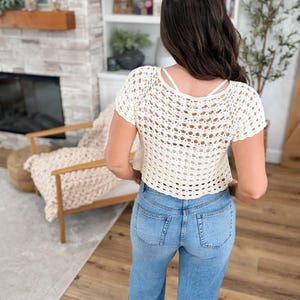 May include: Cream-colored crochet top with short sleeves and a scoop back. The top is paired with light blue denim jeans. The crochet design features an open weave pattern. The model is facing away from the camera.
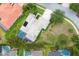 Aerial view of the property featuring a pool, lush landscaping, and surrounding neighborhood at 6470 Indigo Bunting Pl, Lakewood Ranch, FL 34202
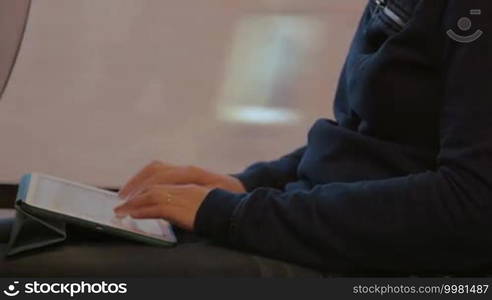 Close-up of a woman sitting by window in the train, holding touch pad on the lap and typing message. Easy communication on the way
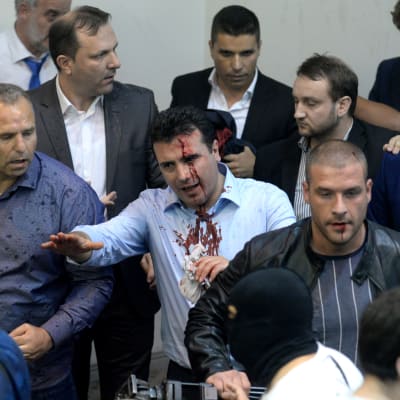 Flera män, en del av dem blodiga, samlade på ett ställe. I mitten står socialdemokratiske ledare i Makedonien Zoran Zaev som blöder från pannan. Han skjorta är också blodig.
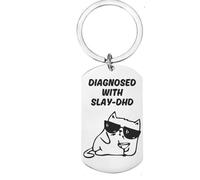 First Glass Designs “Diagnosed with Slay-DHD” Funny Keyring - Stainless Steel Keychain with Cool Cat in Sunglasses - Humorous Gift for Friends, Women & Cat Lovers - Trendy Accessory for Keys or Bags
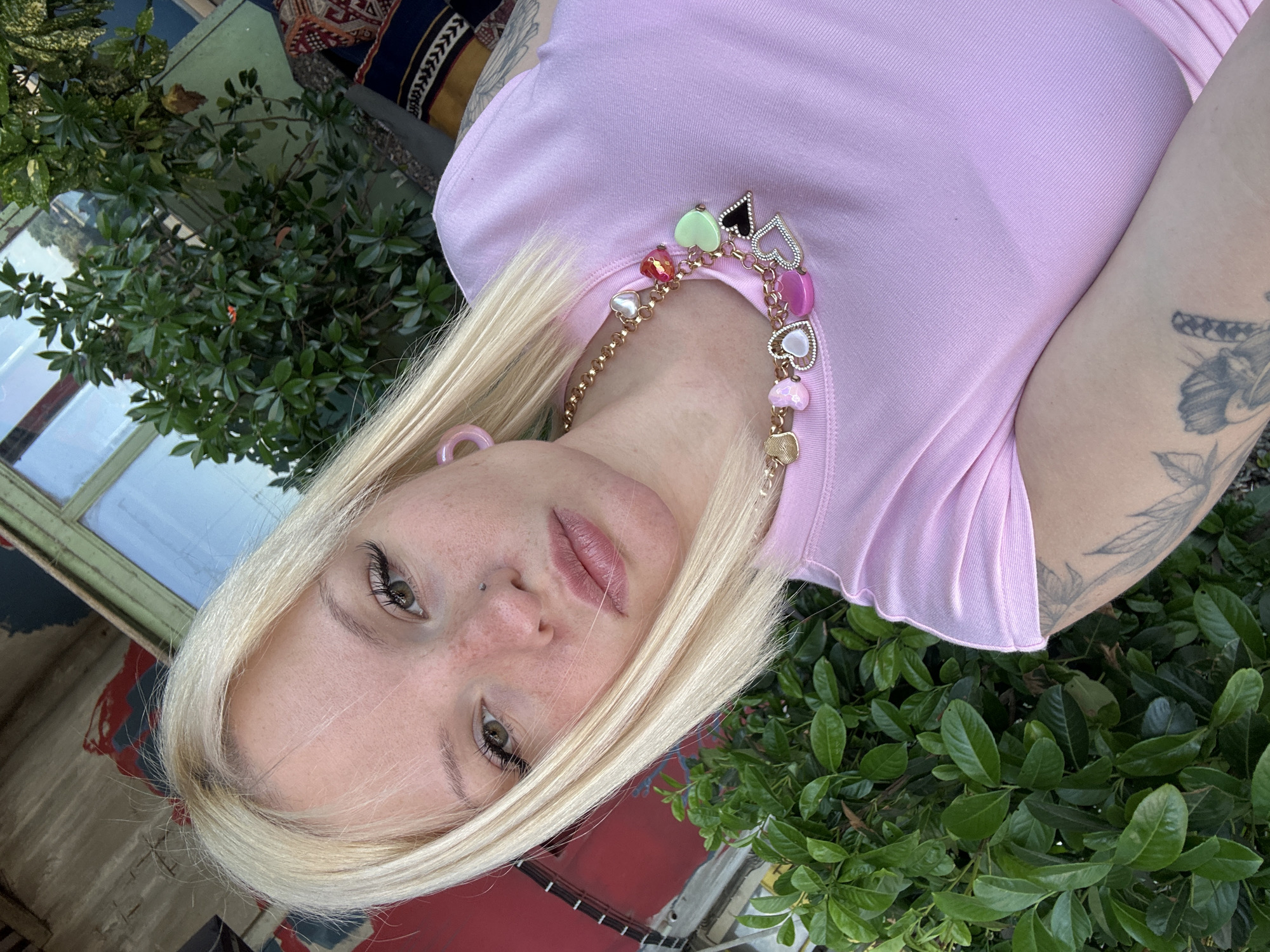 A young woman with blonde hair and light skin, wearing a pink t-shirt and a heart-shaped charm necklace, poses for a selfie outdoors. She has makeup on and a piercing on her nose. She has tattoos on her left arm. Behind her, there are green bushes and a building with red and green elements. The image appears to be taken in Belgrade, Serbia, likely in a garden or outdoor seating area of a cafe or restaurant.
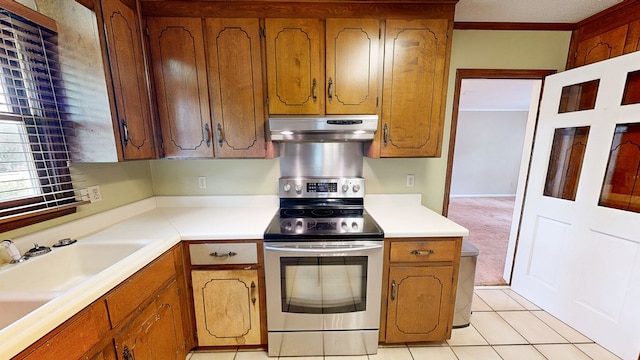 kitchen with electric range, a sink, light countertops, brown cabinetry, and under cabinet range hood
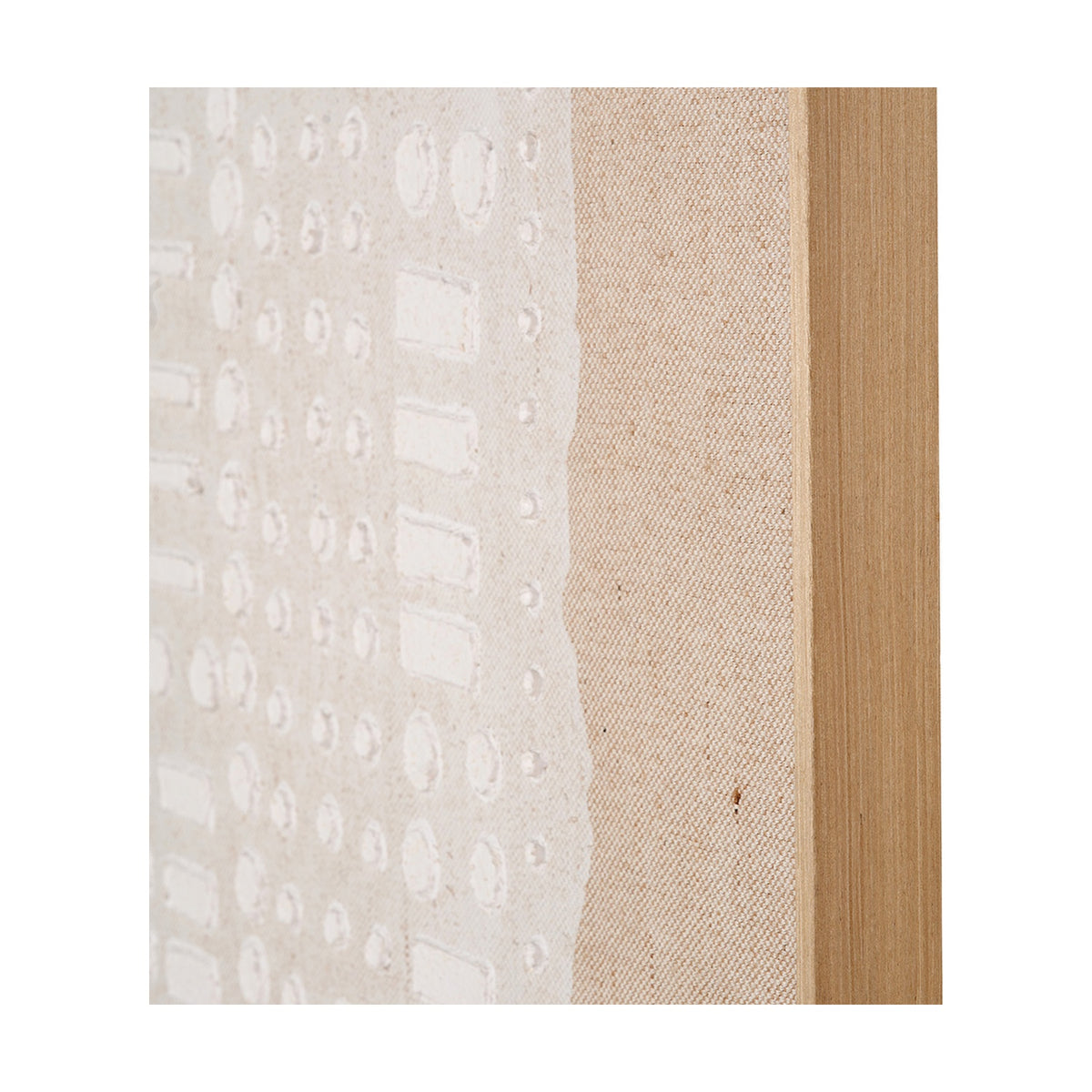 Close-up of textured white abstract wall art on natural linen canvas, showing raised circular and rectangular patterns beside a light elm wood frame edge.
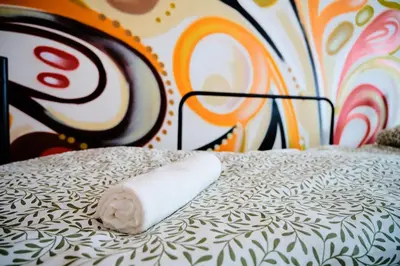 a roll of toilet paper sitting on top of a bed at Hostel Graffiti in Kraków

--------------------------------

## Exercise aim
While leaving pictures out, reproduce exactly the lines from the beginning of the listing above through the line containing "Flera män, en", both ends included.

## Response below
 May include: Cream-colored crochet top with short sleeves and a scoop back. The top is paired with light blue denim jeans. The crochet design features an open weave pattern. The model is facing away from the camera.
 Aerial view of the property featuring a pool, lush landscaping, and surrounding neighborhood at 6470 Indigo Bunting Pl, Lakewood Ranch, FL 34202
 Close-up of a woman sitting by window in the train, holding touch pad on the lap and typing message. Easy communication on the way
 Flera män, en del av dem blodiga, samlade på ett ställe. I mitten står socialdemokratiske ledare i Makedonien Zoran Zaev som blöder från pannan. Han skjorta är också blodig.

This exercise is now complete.